#### WHAT YOU ARE ASKED TO DO
Leave the pictures out. Retype exactly the lines below from the one containing "Pre Owned Anya" through the one containing "Jubiläumslogotype-Set-Vektorgrafik, goldene Linienfarbe", and no others.

#### RECORDS FOR THIS TASK
▼

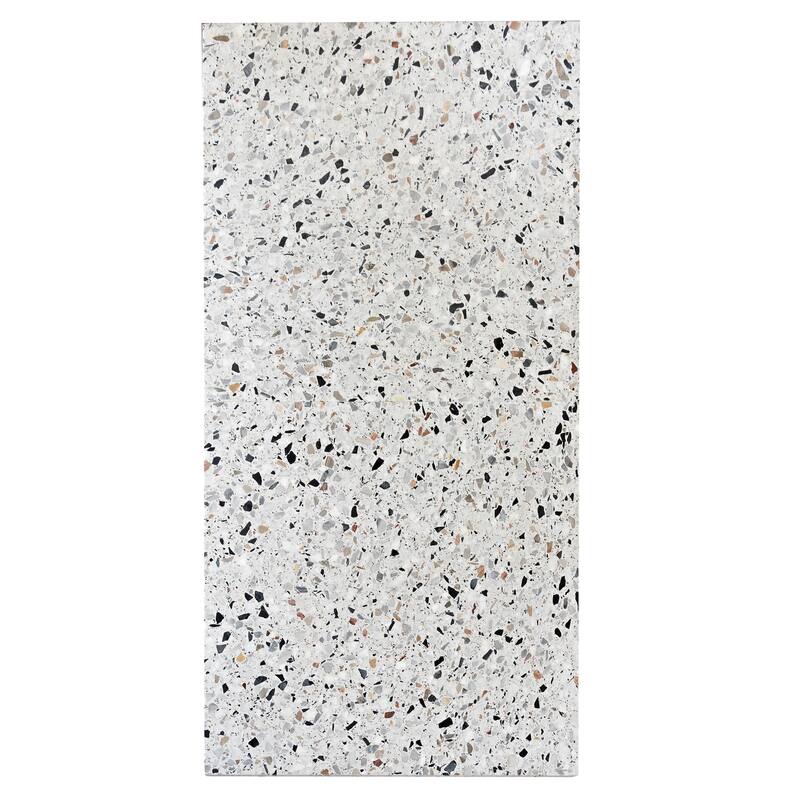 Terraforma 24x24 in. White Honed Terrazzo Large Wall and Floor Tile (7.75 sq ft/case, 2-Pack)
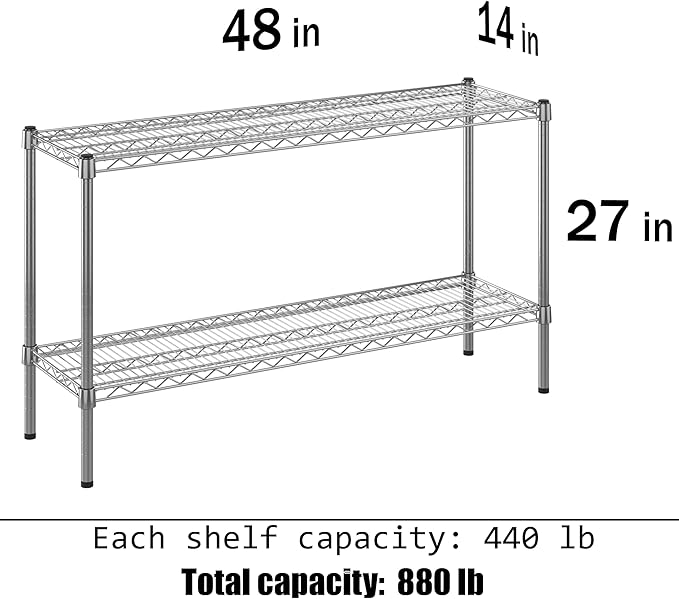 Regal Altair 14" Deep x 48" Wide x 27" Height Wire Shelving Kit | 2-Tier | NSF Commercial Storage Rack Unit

▲
▼

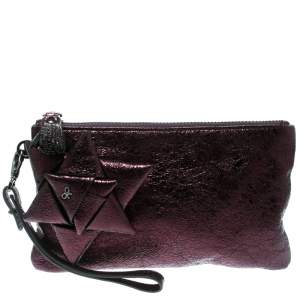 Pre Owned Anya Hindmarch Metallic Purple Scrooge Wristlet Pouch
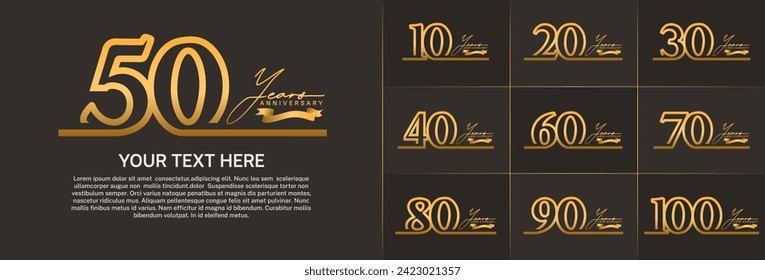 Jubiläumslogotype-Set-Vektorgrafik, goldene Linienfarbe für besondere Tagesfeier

▲

#### SOLUTION TO THE EXERCISE
 Pre Owned Anya Hindmarch Metallic Purple Scrooge Wristlet Pouch
 Jubiläumslogotype-Set-Vektorgrafik, goldene Linienfarbe für besondere Tagesfeier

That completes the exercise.